(Records from a data source)
____________________

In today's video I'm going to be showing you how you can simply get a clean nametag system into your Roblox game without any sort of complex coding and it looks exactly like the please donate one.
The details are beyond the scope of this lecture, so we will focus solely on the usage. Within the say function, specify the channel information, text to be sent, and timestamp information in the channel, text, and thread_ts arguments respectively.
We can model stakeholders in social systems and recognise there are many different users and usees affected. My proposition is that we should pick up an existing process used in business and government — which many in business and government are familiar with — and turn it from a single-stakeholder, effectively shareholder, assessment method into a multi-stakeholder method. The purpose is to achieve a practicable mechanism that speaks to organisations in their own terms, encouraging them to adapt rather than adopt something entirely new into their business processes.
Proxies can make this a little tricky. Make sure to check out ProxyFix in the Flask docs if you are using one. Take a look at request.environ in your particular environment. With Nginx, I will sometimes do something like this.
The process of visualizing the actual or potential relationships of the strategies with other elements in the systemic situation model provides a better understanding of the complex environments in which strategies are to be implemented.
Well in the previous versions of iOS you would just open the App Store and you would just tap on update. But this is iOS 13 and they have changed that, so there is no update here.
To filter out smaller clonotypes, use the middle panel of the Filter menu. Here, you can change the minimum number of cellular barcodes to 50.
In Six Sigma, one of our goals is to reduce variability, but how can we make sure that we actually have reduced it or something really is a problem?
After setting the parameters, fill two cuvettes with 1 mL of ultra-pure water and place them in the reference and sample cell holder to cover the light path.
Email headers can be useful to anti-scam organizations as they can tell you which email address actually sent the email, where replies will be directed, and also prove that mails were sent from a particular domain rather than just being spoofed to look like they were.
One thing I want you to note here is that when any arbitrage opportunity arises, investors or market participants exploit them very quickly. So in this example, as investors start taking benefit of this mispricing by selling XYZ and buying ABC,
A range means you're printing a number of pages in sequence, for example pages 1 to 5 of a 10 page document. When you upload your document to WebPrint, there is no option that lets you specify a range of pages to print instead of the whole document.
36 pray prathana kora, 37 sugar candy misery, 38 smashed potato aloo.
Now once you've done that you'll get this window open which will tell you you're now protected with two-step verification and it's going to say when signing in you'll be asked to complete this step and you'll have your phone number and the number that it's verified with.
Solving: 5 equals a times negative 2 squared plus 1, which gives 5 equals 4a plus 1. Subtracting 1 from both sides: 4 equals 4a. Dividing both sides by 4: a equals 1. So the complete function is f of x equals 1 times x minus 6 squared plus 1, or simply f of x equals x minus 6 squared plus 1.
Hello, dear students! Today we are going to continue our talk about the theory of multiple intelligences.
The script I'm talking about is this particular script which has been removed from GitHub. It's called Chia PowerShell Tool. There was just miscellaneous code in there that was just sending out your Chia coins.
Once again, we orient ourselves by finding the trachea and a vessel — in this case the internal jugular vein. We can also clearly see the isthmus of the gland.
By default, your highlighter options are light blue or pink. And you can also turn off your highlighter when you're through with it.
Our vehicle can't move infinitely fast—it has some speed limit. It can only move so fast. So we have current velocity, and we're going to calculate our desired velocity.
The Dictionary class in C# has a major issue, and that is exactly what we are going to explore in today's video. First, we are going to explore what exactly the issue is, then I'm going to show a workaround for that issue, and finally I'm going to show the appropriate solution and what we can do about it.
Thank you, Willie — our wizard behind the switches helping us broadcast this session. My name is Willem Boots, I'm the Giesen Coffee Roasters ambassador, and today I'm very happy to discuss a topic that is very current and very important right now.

____________________

** Exercise brief **
Only lines with the word "actually" count here; copy every one from the records.

** Result **
In Six Sigma, one of our goals is to reduce variability, but how can we make sure that we actually have reduced it or something really is a problem?
Email headers can be useful to anti-scam organizations as they can tell you which email address actually sent the email, where replies will be directed, and also prove that mails were sent from a particular domain rather than just being spoofed to look like they were.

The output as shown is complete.